Gervias Pellissier, le directeur général de France Télécom Orange, était dans Good Morning Business avec Stéphane Soumier le 20 février 2013;

Gervias Pellissier, le directeur général de France Télécom Orange, était dans Good Morning Business avec Stéphane Soumier le 20 février 2013; - -

A l’occasion de la présentation des résultats de France Télécom Orange, ce 20 février, le directeur général du groupe s'exprimait sur BFM Business. Il y a déploré la poursuite de la guerre des prix dans le secteur.

Il y a du positif dans les résultats publiés ce jeudi par France Télécom. Un flux de trésorerie opérationnel de 8 milliards d’euros en 2012, qui va permettre au groupe de tenir ses investissements dans les réseaux. Et le nombre de clients de l’opérateur a augmenté de 3% en un an, à 230,7 millions. Gervais Pellissier, directeur général délégué de France Télécom-Orange, s’en est félicité, ce 20 février, sur BFM Business. Mais il a déploré aussi une baisse très importante de son résultat net, de 30%.

Le directeur financier du groupe a pointé le ralentissement des marchés polonais et égyptien, respectivement pour des raisons économiques et politiques. Mais aussi, les difficultés rencontrées en France, où le chiffre d’affaires s’est contracté de 5%.

En cause : la guerre des prix que se livrent les opérateurs depuis l’arrivée de Free sur le marché du mobile. Pour Gervais Pellissier, elle "va bien finir un jour", notamment parce que SFR, Bouygues et les autres ne pourront pas baisser leur prix jusqu’à "donner les abonnements". "Le problème, c’est de savoir quand", a-t-il souligné.

Un effort de réduction des coûts

Le directeur général d’Orange sait bien que ses concurrents "ont certainement perdu des parts de marché importantes". Mais continuer de faire fondre les marges relève selon lui "d’une forme d’inconscience collective du secteur qui pense que c’est un moyen de récupérer des clients". Or la "valorisation des opérateurs en fonction de leur nombre d’abonnés est un vieux modèle", a dit Gervais Pellissier. "Un client qui vous rapporte 2 euros par mois n’a pas la même valeur qu’un client qui vous en rapporte 50".
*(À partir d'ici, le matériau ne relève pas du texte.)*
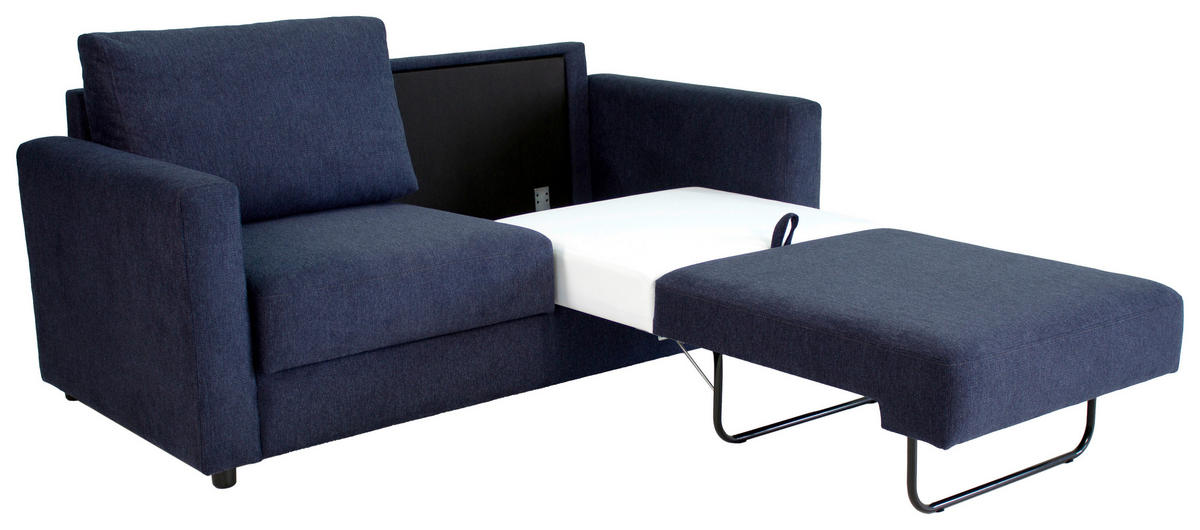 KANAPÉÁGY textil sötétkék  - sötétkék/fekete, Konventionell, textil (178/85/90cm) - Xora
L’arrivée de Free Mobile, filiale d'’Illiad, a fait évoluer le marché. Aujourd’hui, selon Gervais Pellissier, "certains clients sont allés payer beaucoup moins cher, et d’autres sont prêts à payer plus cher en échange de la qualité de service". C’est d’ailleurs là l’objectif de l’opérateur : "montrer qu’au-delà des minutes de télécommunication, on peut apporter du service".

Mais dans l’immédiat, le groupe va devoir réagir. "Une telle perte ne peut se traduire dans une entreprise que par un effort fait sur sa structure de coûts", reconnaît Gervais Pellissier, notamment via "des réembauches beaucoup plus faibles que la politique de départ". Sur les 9 000 partants en retraites d’ici à 2015, seuls 4 000 seront remplacés.